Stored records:

###

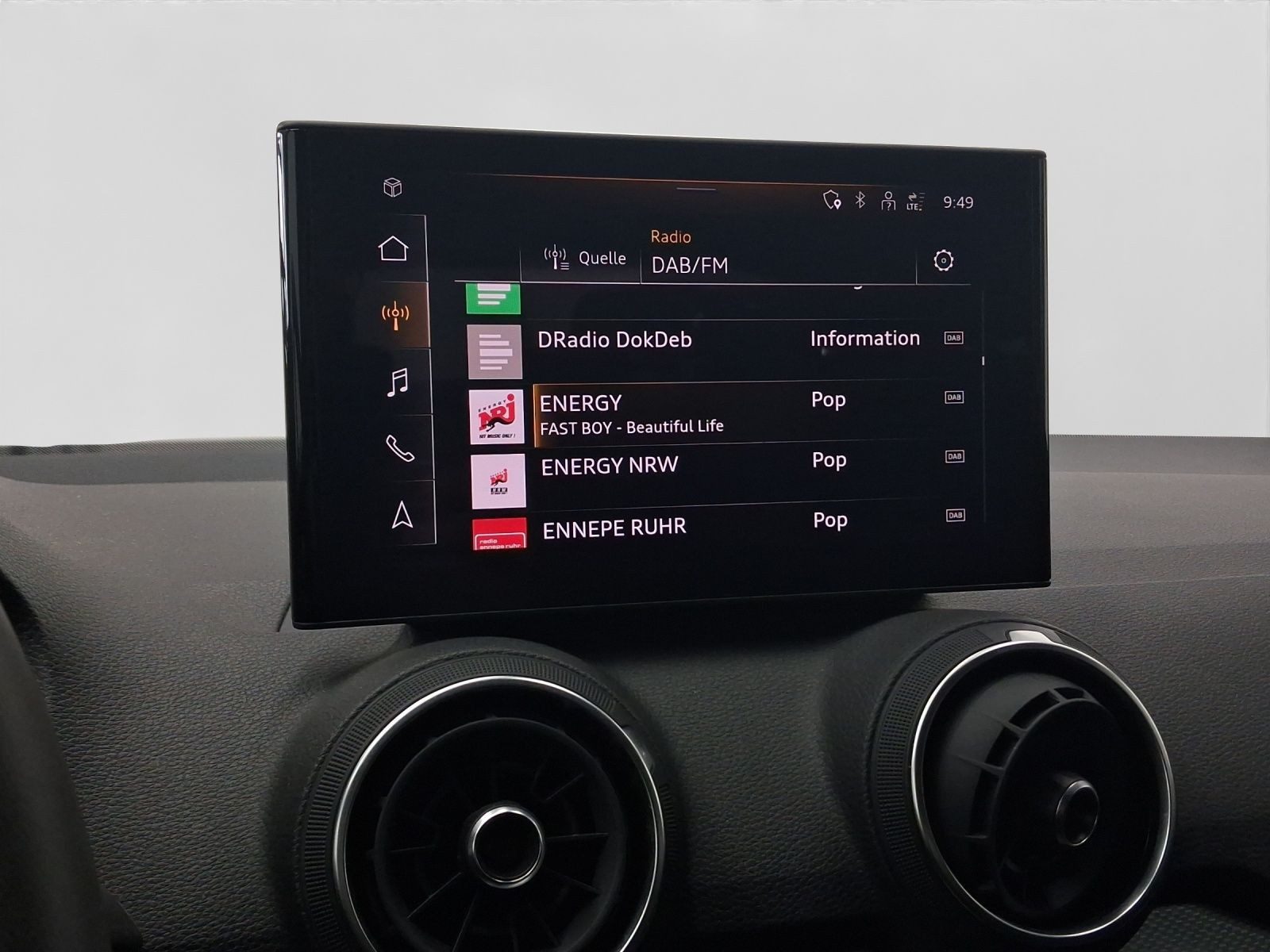 Audi Q2 – Bild 14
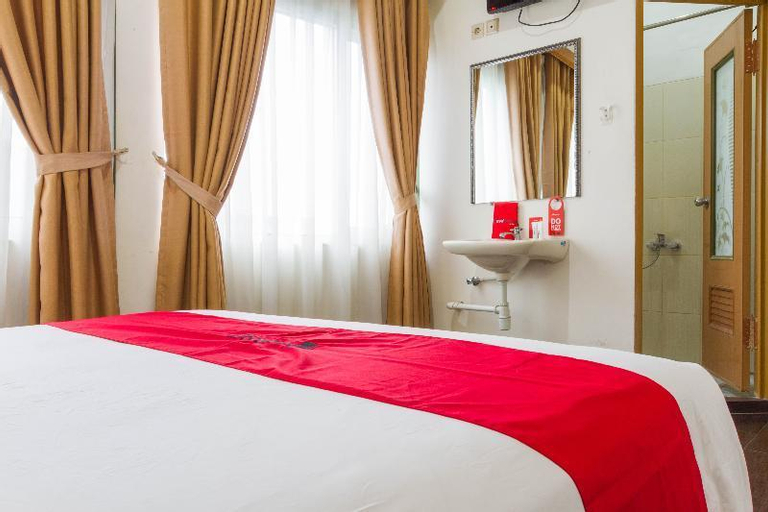 Bedroom 12
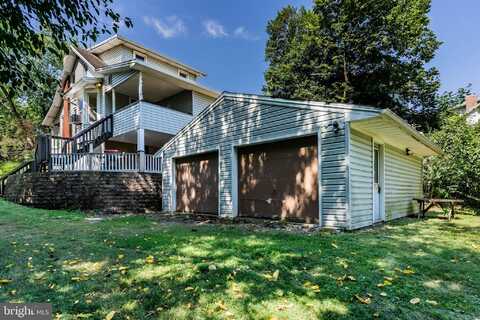 301 N 17TH STREET, CAMP HILL, PA 17011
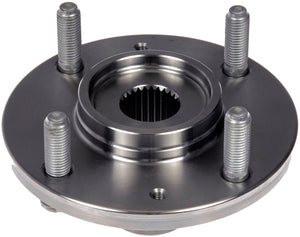 New Front Wheel Hub - Dorman 930-019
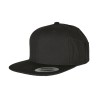 Snapback con logo personalizzato
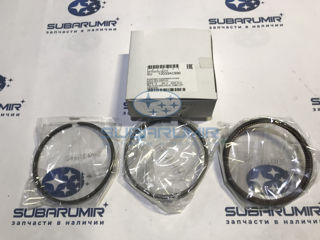 Фото автомобильной запчасти Кольца поршневые 2,5B Std (оригинальный номер 12033AC930)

###

Activity: Repeat only the lines from the one holding "New Front Wheel Hub - Dorman 930-019" through the last line of the data, inclusive. Keep the pictures out.

Solution:
 New Front Wheel Hub - Dorman 930-019
 Snapback con logo personalizzato
 Фото автомобильной запчасти Кольца поршневые 2,5B Std (оригинальный номер 12033AC930)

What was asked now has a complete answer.